Identifying Key Methodologies for Modelling Interdependencies in Dependent Networks
摘要
Accompanying modelling methods for dependent critical infrastructure networks’ interdependencies are explored in this paper with overtones to Bayesian networks, Network Centrality, Complex System Theory, Agent-Based Modelling, Graph Theory, and Simulation Modelling. This, together with network centrality information provides possible locations of failure in a network based on the most vital nodes. This theory which involves complex aspects and interaction of elements of the system inside is complex system theory. Bayesian networks ease probabilistic reasoning by allowing the example conditional independencies and incorporation of uncertainty. Agent-Based Modelling provides a micro-level picture of how system dynamics work as the different agents are created then allowed to act on their own. Graph theory has versatile instruments for analysing and describing the structural characteristics of networks, while parametric simulation enables testing of different options and measures in a risk-free environment. While there are so many merits accrued from these approaches, they also have demerit which include the following. Challenges regarding data availability and the quality of the data continue to plague accurate modelling and analysis. It is rather difficult to provide the accurate complex, temporal and asynchronous relationships between elements characteristic to critical infrastructures.
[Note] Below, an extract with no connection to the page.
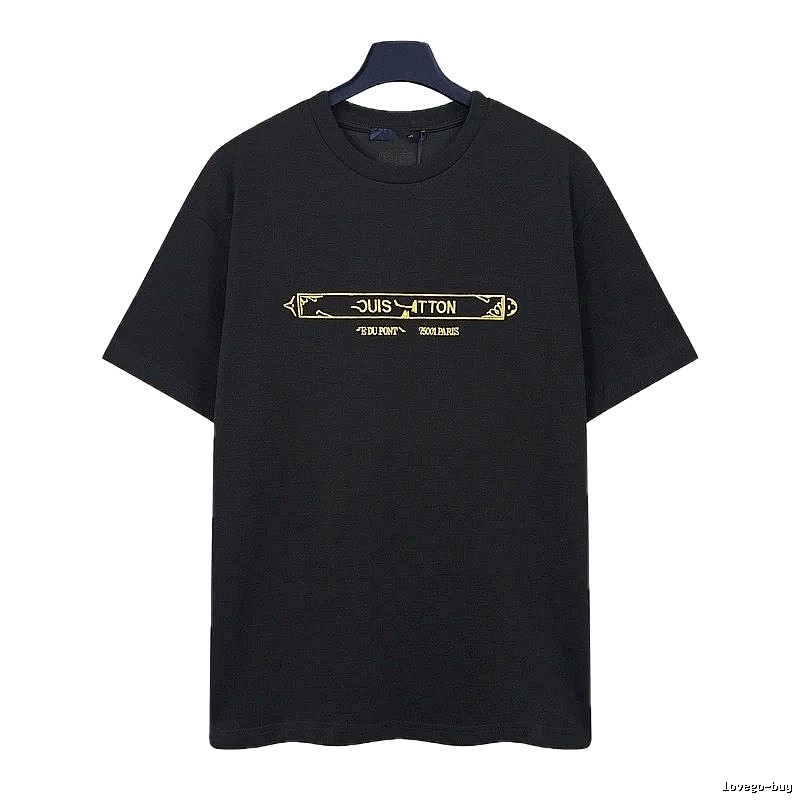 Louis Vuitton Embroidered Trendy-style Black T-Shirt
These systems are dynamic, and as we have seen, complexity is magnified when the situation also fluctuates; hence, the need for dynamic models. This is another problem because the behaviours and interactions of the systems are unpredictable; often, this leads to requiring elaborate techniques for minimising the unpredictability. These constraints, therefore, must be addressed in order to develop more robust and reliable representations of the interrelationships of systems that make up a nation’s critical infrastructures.